### DATA SHOWN

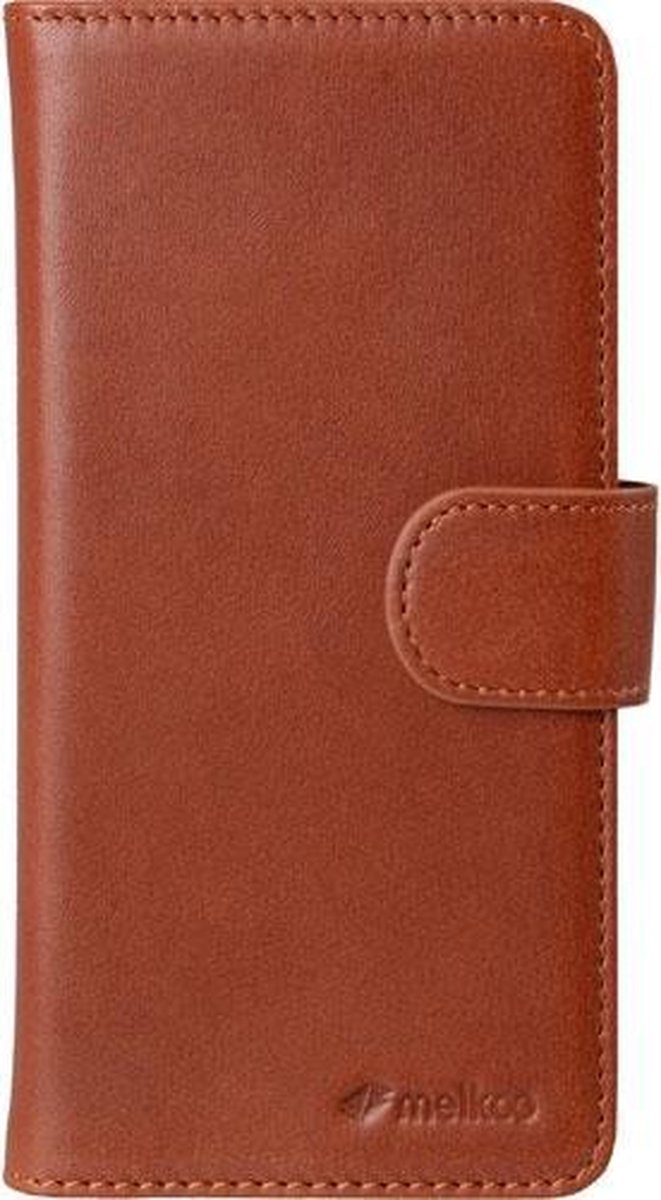 Melkco Premium Leather Wallet Book Case Alphard Oranje Bruin voor Samsung Galaxy S6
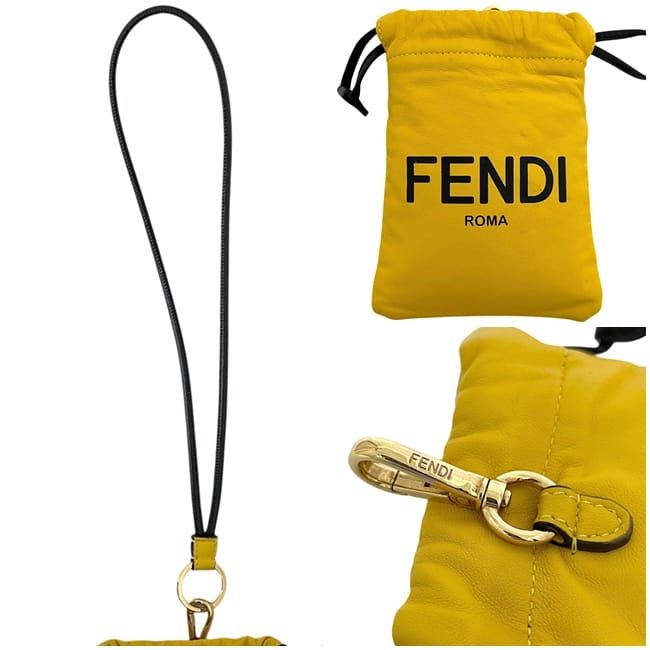 Fendi Drawstring Shoulder Bag Wearable Yellow — view 4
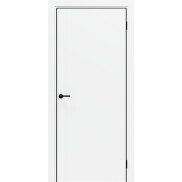Дверь межкомнатная Порта-50 4AB Полипропилен, Alaska в комплекте с врезанной черной магнитной защелкой, глухая, кромка алюминиевая черная матовая, каркасно-щитовая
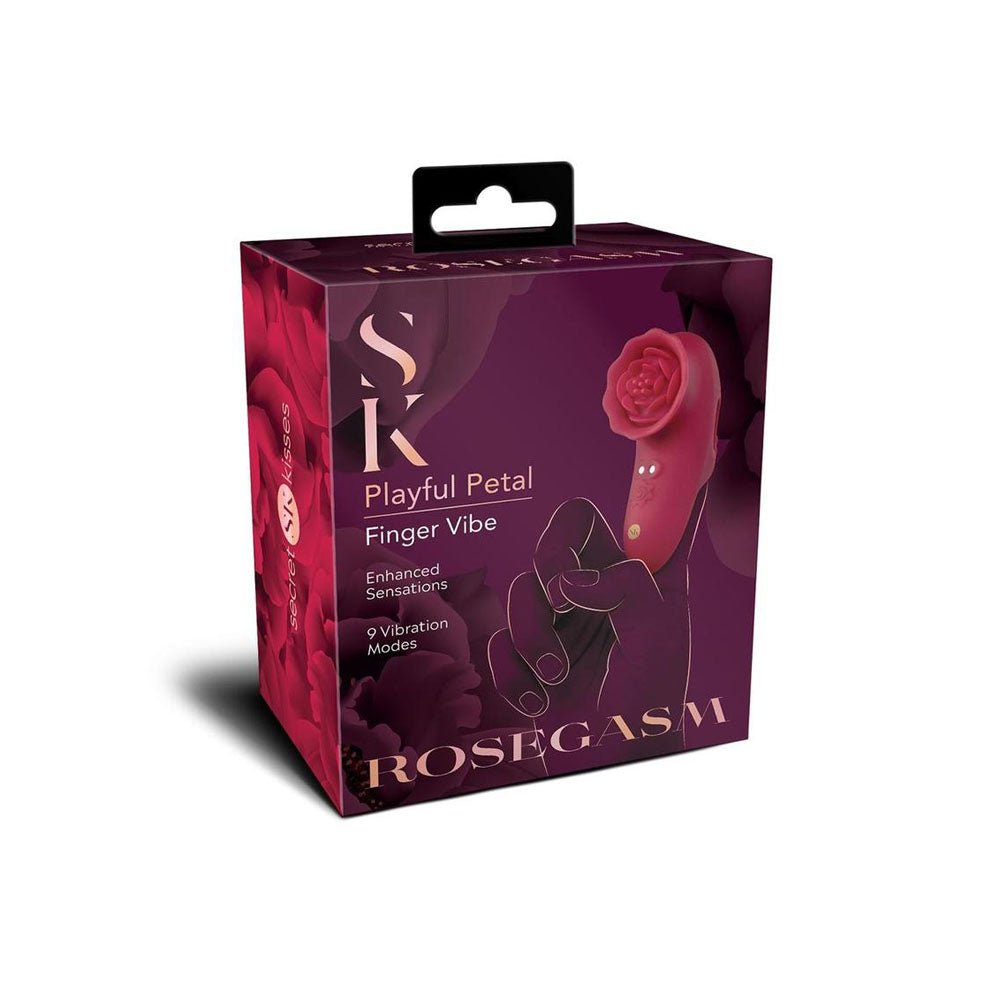 Secret Kisses RoseGasm Playful Petal Red USB Rechargeable Finger Stimulator - STIMULATORS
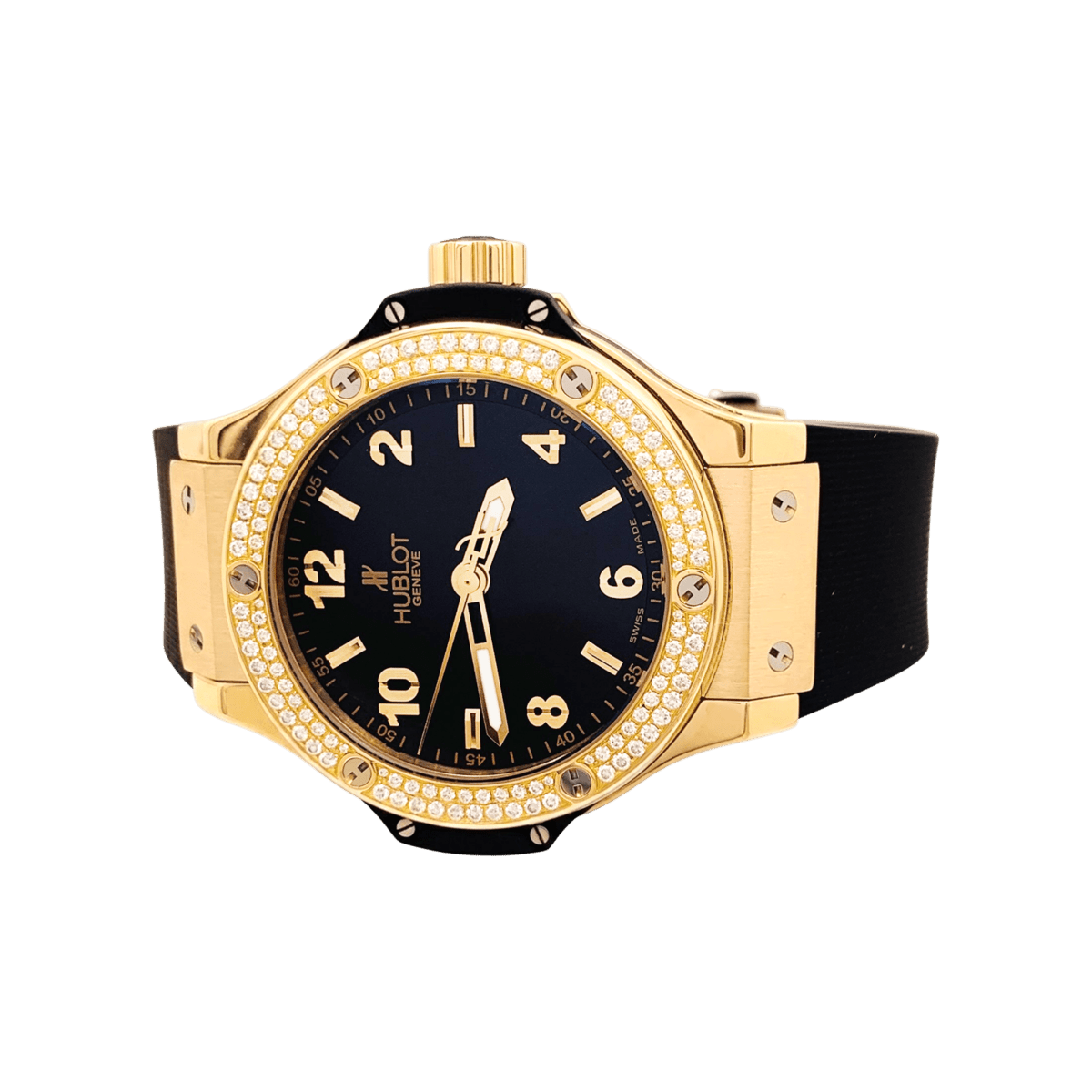 Montre HUBLOT "Big Bang Original Gold Diamonds" en or rose, acier, caoutchouc, titane et diamants - Castafiore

### EXERCISE REQUIREMENTS
Repeat verbatim the lines between the start of the data and the line containing "Fendi Drawstring Shoulder", both ends included, omitting all pictures.

### TASK OUTPUT
 Melkco Premium Leather Wallet Book Case Alphard Oranje Bruin voor Samsung Galaxy S6
 Fendi Drawstring Shoulder Bag Wearable Yellow — view 4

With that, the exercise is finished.